Frost Musicologist Matteo Magarotto to Present the Mozart Online Lecture Series

The Frost School of Music at the University of Miami is pleased to announce the Mozart Online Lecture Series. Join us for three lectures (September 3, 10, 17, 2020, 7:30–8:30 pm ET) presented by Matteo Magarotto, Frost Lecturer in Musicology, whose research focuses on the enlightenment, aesthetics, and the analysis of Mozart’s music.

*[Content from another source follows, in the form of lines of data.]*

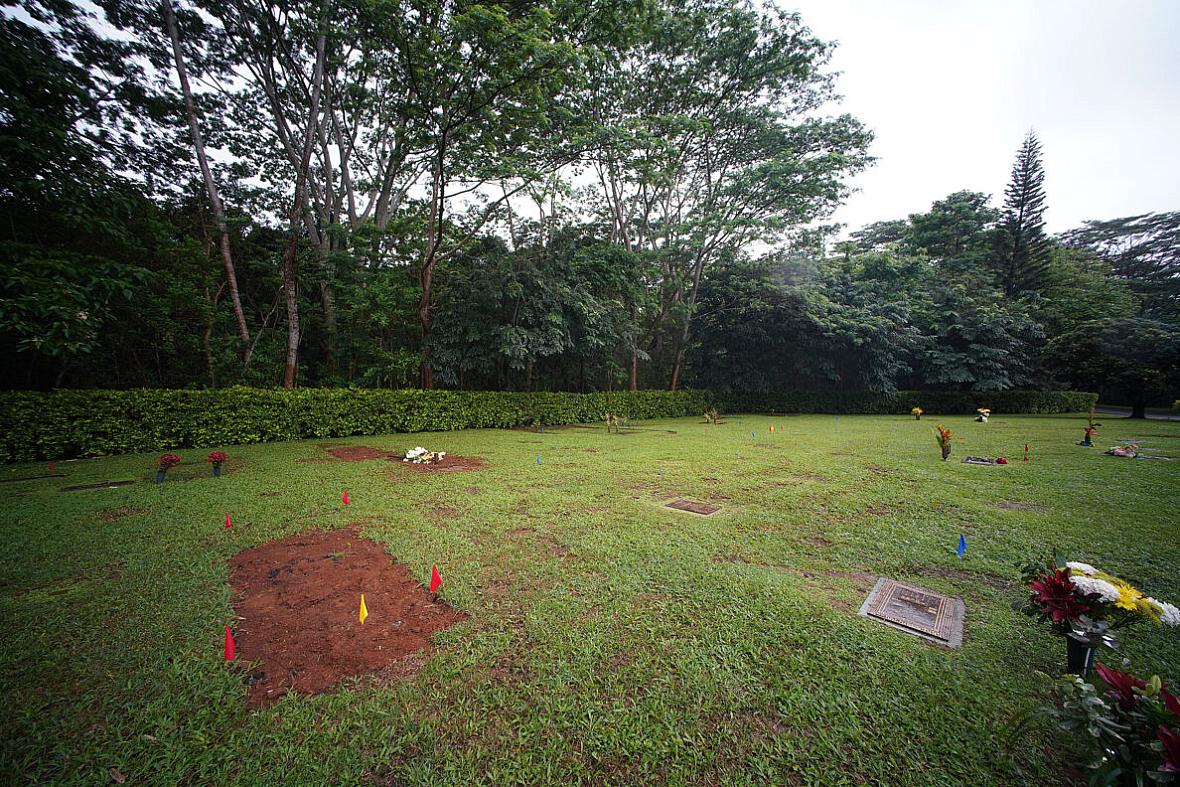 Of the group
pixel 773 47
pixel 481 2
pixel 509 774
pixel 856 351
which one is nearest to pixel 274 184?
Answer: pixel 481 2

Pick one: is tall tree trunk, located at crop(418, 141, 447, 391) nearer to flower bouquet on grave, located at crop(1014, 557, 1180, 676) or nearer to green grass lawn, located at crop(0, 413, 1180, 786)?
green grass lawn, located at crop(0, 413, 1180, 786)

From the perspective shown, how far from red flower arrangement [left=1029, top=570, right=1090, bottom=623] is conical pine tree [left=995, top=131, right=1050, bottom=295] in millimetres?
33356

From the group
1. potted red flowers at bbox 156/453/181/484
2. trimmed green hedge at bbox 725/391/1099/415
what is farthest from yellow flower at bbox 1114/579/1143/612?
trimmed green hedge at bbox 725/391/1099/415

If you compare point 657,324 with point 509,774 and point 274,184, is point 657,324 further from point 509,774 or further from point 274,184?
point 509,774

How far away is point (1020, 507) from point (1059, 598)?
3.77 meters

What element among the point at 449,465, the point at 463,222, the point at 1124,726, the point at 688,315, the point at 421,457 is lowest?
the point at 449,465

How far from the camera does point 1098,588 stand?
65.6 inches

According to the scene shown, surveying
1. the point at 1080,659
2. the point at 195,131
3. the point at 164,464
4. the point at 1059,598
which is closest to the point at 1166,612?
the point at 1059,598

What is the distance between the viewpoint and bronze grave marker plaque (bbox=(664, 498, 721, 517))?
14.4 ft

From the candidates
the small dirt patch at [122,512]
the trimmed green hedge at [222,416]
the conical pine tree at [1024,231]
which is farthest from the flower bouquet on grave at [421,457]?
the conical pine tree at [1024,231]

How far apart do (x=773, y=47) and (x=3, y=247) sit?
18.2m

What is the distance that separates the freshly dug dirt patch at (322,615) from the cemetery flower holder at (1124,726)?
2415 millimetres

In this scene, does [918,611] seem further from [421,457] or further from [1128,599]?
→ [421,457]

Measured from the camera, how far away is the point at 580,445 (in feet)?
29.9
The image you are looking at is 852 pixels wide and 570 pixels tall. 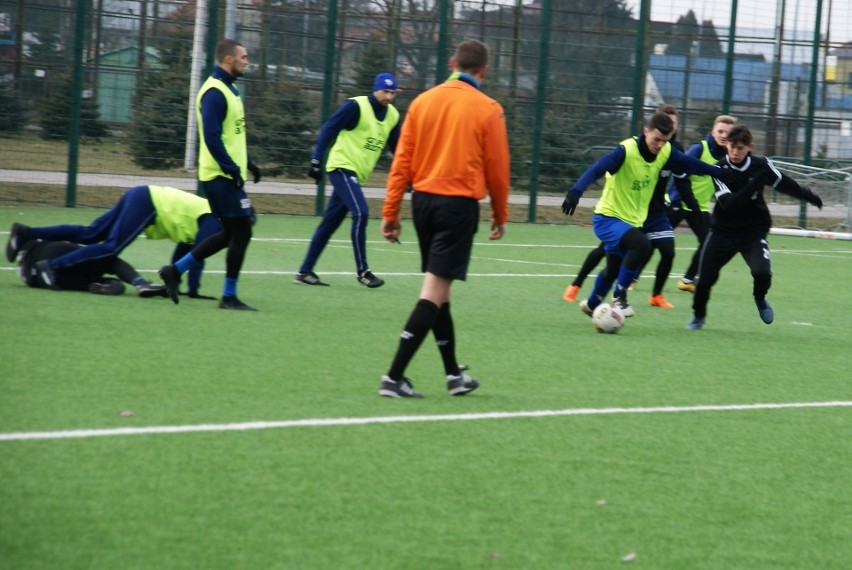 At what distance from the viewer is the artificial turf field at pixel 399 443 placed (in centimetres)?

Frost Musicologist Matteo Magarotto to Present the Mozart Online Lecture Series
The series continues the tradition established by internationally renowned musicologist Frank Cooper (Frost’s Research Professor Emeritus, Musicology).  The talks will explore multiple facets of the composer and how he has been understood (and misunderstood) from his time to ours. We will discuss the tension between demonic darkness and angelic light in his music, his comical side, and how various myths and legends have contributed to his enduring iconic status.
 
 “These fall lectures have been given over the years by Frank Cooper.  I am honored and grateful with his blessing to be following in his footsteps,” states Professor Magarotto.  “Each of the three evenings will take a particular angle, with connecting threads between them, and will be intriguing, amusing, and perhaps surprising.”
 
The first talk“Mozart: Demon and Angel,” will explore the origins of these two facets (terror/grace), retracing the historical path that led from the earliest biographies of the composer, through Romantic tales, to the 1984 film Amadeus. A plenitude of musical examples will highlight and complicate Mozart’s two-face image. (Did Salieri poison Mozart?  Your curiosity . . . should be satisfied).  The second talk, “Mozart: Parodist and Comedian,” will be a wild ride through the range of Mozart’s comic attitudes (jests, puns, rude humor) and genres (canons, Figaro, a hilariously awful musical farce). It is an evening filled with amusing examples, but one that also raises some critical issues of class, gender, and race.  In the last talk we look atMozart: Myth and Icon,” we attempt to unravel the entanglement of history and myth that lies behind Mozart as a cultural icon. We will encounter early rumors about his death (hello again, Salieri), fanciful anecdotes, a forgery, and pseudo-scientific claims about classical music and IQ. Will a beloved Mozart remain standing at the end? Join us to find out!   
About Matteo Magarotto
Matteo Magarotto is a Lecturer in the Department of Musicology at the Frost School of Music, where he teaches courses in music history, bibliography, and analysis. He holds a Ph.D. in musicology with a minor in music theory from the University of Cincinnati’s College-Conservatory of Music and has also received degrees from Università degli Studi di Milano (MA, musicology; BA, cultural heritage studies) and the Conservatorio di Novara (piano diploma). Prior to his appointment at the Frost School of Music, Magarotto taught at Cincinnati and at the University of Missouri-Kansas City and was a one-year visiting scholar at Cornell University.  
 
A committed pedagogue, Magarotto has presented papers on team learning, addressing biases in Western music, and inclusive approaches for students with disabilities at sessions of the Teaching Music History Conference. His research focuses on Mozart, the Enlightenment, aesthetics, and music analysis. He has presented his work at meetings of the Society for Eighteenth-Century Music, chapters of the American Musicological Society, the Gesellschaft für Musiktheorie, the European Music Analysis Conference, and the Music and Philosophy Study Group of the Royal Musical Association. In 2019 his alma mater invited him to deliver a talk for the Thinking About Music Lecture Series. Publications include “Nonlinear Temporality in Mozart’s Instrumental Music” (Music Research Forum, 2016) and “The Hero’s Journey: Ludwig van Beethoven, Symphony no. 3, Eroica” (A-R Online Music Anthology). A chapter co-authored with William A. Everett is forthcoming in the collection Sound Pedagogy: Radical Care and Social Justice for Students in Music.